This part of the winding 1 forms the return path for common mode current, instead of the normal power storage function for semiconductor commutation, and satisfying ripple voltage requirements. For this, it is in contact with a ground for the system, in which the DC link capacitor, and therefore the winding 1, is placed, e.g. the vehicle chassis or a printed circuit board, or another component that forms a ground.

A significantly shorter path for the common mode current can be obtained with the section 12 galvanically separated from the positive or negative main sections, which forms a return path for the common mode current and is grounded. This eliminates the need for the previously used Y-capacitors.

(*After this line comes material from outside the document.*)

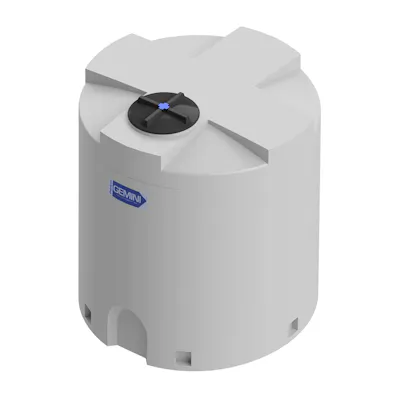 500 Gallon Natural LLDPE Cylindrical Gemini Dual Containment® Tank (1.9 Specific Gravity) with Domed Top & 16" Twist Lid - 61" Dia. x 66-1/2" Hgt.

The size of the gap 2 separating the main section from the section 12 that forms the return path for common mode current must be determined such that this section 12 is the same size or greater than the coupling capacitor for the load or source, i.e. the motor control capacitor in the case of a motor, because it is proportional thereto.

The section 12 forming the return path can be formed at one end (where the roll ends) as shown in FIG. 1, or the other (where the roll starts). It can also be in the middle, as long as it is possible to obtain an electrical contact there.

In the embodiments shown in FIGS. 1, 3 and 4, the section 12 forming the return path is simply formed in one of the metallic layers 10, 11. It can also be formed in both layers 10, 11, as shown in FIGS. 2a (upper surface of the film) and 2b (lower surface of the film). These layers 10, 11 do not have to extend over the entire width of a subsection, thus forming an L-shaped section. This section 12 forming the return path can be parallel to the leg of the L-shaped section. It is then separated from the metallic layer 10, 11 by two gaps 2.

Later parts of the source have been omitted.